= Herman Wouters =

Belgian politician (1940–2026)

Herman Wouters (19 February 1940 – 11 January 2026) was a Belgian politician.

== Life and career ==
Wouters was born in Grobbendonk on 19 February 1940. He became politically active in the run-up to the 1976 municipal elections at the request of the then mayors John Smets of Grobbendonk and Willy Taelman of Bouwel. He was elected as a municipal councillor on the electoral list Gemeentebelangen Grobbendonk-Bouwel (GGB). Professionally he worked in a notary's office, he was also active in the local theater company and football team. In 1980 he was appointed alderman for finance and culture, a mandate he would hold for three years.

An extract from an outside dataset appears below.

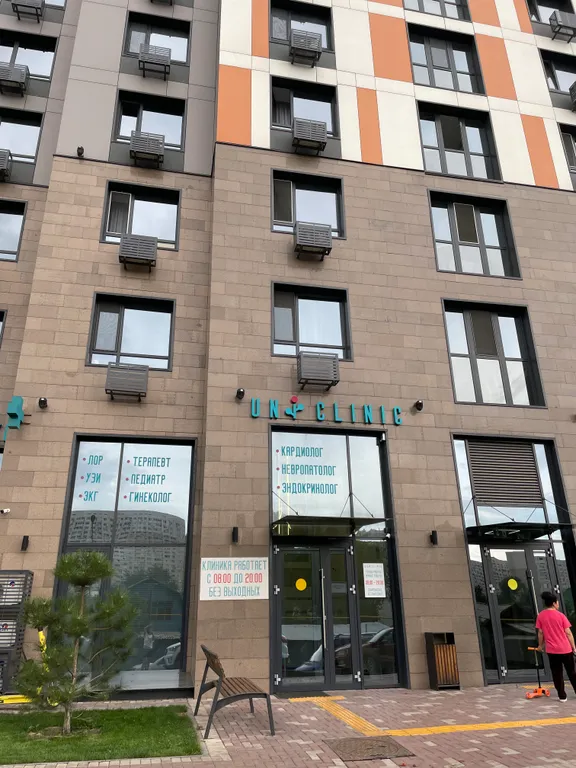 LakeStay 3. Дом у озера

In 1988, Wouters was mandated as mayor. After the municipal elections of 1994, his reappointment was blocked. He was accused of conflict of interest in late 1995 and referred to the criminal court. As a former notary employee, he would not have left the council session when discussing allotment conditions.  At the end of 1996 he obtained a stay of judgment. Minister of the Interior Johan Vande Lanotte refused to appoint him as mayor in early 1997. After this verdict was confirmed by the Council of State there was an alternating majority in the municipal council of Grobbendonk between CVP, Agalev and SP with the socialist Karel Bogaerts as mayor.

In the municipal elections of 2000, Wouters was again the party leader, this time not under the name of GGB, but under the party name VLD.  He became mayor again in a coalition between VLD and CVP.  Six years later, this coalition was continued and he remained mayor until 2012.

Wouters died on 11 January 2026, at the age of 85.